SCOTUS strikes down district court, allows heterosexual woman to sue for 'reverse discrimination'

The court rules that minorities and nonminorities have to meet the same standards.

Marlean Ames says that her employer discriminated against her because she is a straight woman, and she took her case all the way to the U.S. Supreme Court.

On Thursday, the court's unanimous ruling found that a lower court's standard against the possibility of "reverse discrimination" was wrong. Ames can now argue her case with the new standard of discrimination at the lower court.

'Congress left no room for courts to impose special requirements on majority-group plaintiffs alone.'

Ames filed a lawsuit accusing her employer, Department of Youth Services of Ohio, when a gay supervisor passed her over for a promotion and gave the job to a gay woman instead. She also claimed to have been demoted with a pay cut in favor of a gay man. She had worked for the department for over 20 years.

The Supreme Court ruling invalidates a standard set by the Sixth Circuit Court of Appeals that nonminorities must provide more evidence of discrimination than a member of a minority group.

"Congress left no room for courts to impose special requirements on majority-group plaintiffs alone," Justice Ketanji Brown Jackson wrote in the majority ruling. "The standard for proving disparate treatment under Title VII does not vary based on whether or not the plaintiff is a member of a majority group.”

America First Legal praised the ruling as a victory for true equality before the law.

“Nothing in Title VII’s text supported the discriminatory ‘background circumstances’ requirement. It was a judicial fabrication, completely untethered to any statutory language,” said AFL senior counsel Nick Barry.

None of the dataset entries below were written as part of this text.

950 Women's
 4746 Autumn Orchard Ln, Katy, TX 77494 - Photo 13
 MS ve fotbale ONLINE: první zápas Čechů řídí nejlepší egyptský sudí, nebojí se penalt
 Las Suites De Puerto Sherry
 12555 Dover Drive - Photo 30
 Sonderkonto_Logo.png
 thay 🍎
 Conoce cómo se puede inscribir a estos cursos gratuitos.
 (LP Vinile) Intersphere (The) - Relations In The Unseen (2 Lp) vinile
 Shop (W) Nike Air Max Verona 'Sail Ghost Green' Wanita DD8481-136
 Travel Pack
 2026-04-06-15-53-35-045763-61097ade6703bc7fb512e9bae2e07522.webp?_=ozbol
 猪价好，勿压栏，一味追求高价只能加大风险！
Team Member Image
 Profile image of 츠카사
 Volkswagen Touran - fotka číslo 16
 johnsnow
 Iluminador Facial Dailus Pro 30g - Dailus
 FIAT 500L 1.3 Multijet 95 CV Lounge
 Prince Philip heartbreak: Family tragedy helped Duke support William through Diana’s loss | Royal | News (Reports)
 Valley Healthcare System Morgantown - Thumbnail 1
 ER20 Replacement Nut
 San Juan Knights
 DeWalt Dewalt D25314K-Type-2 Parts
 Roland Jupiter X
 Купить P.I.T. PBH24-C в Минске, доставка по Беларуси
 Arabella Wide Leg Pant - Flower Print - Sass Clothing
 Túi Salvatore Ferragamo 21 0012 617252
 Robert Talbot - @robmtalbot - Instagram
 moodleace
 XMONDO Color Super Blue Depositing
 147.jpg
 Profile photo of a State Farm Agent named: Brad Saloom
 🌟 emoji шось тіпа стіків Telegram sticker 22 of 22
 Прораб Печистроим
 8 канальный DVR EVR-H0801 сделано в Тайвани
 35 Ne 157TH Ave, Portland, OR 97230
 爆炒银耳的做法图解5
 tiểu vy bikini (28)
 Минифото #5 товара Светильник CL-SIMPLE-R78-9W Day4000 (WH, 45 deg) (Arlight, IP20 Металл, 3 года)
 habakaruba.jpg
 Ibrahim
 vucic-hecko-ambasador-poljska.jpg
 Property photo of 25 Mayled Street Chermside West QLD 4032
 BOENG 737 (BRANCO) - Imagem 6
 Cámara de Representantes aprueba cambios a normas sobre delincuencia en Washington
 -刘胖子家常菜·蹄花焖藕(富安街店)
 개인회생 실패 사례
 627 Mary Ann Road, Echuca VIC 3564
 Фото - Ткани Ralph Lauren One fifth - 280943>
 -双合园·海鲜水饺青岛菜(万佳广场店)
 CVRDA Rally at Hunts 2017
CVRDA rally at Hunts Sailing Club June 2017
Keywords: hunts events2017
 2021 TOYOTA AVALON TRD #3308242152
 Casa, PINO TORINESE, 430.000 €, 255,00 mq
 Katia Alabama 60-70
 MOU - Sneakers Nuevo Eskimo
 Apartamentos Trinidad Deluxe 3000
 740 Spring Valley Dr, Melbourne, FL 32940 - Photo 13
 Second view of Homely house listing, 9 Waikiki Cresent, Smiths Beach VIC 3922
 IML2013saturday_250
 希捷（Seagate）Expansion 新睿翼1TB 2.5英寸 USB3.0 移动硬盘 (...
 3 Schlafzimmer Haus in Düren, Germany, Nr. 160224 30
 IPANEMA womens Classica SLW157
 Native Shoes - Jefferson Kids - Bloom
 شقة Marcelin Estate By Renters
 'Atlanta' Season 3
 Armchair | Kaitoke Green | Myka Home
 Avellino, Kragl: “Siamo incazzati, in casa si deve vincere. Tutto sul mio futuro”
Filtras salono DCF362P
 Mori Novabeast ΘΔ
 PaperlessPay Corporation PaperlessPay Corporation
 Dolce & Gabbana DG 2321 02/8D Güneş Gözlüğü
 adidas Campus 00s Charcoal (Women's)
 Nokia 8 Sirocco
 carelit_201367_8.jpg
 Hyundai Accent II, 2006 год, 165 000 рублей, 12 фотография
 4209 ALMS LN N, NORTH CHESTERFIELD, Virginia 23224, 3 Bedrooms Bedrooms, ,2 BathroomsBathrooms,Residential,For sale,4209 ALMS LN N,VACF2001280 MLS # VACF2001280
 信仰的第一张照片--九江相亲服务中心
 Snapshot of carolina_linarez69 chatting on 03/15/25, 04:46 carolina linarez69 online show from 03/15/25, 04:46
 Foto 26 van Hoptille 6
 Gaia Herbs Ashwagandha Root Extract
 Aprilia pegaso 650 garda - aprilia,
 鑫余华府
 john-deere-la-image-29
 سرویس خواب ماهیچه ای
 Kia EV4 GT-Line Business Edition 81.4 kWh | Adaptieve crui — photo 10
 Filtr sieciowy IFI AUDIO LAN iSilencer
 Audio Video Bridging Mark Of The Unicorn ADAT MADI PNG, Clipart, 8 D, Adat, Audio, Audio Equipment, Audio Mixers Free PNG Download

RELATED: President Trump triggers liberal meltdown by rolling back Obama-era LGBT protection

Photo by Maddie McGarvey/For The Washington Post via Getty Images

“The Supreme Court’s unanimous decision correcting this, along with Justice Thomas’ concurrence questioning 'atextual legal rules and frameworks,' should serve as a clear call for conservative litigators to continue to press for the rule of law," he added. "As we often say at America First Legal: read the statute.”

"We are overjoyed that the court saw the case our way," said Ames' attorney Edward Gilbert.

A spokesperson for the Ohio Attorney General’s Office said it will continue to fight in court that the department did not discriminate against Ames.

Editor's note: The headline of this article has been edited after publication for clarity.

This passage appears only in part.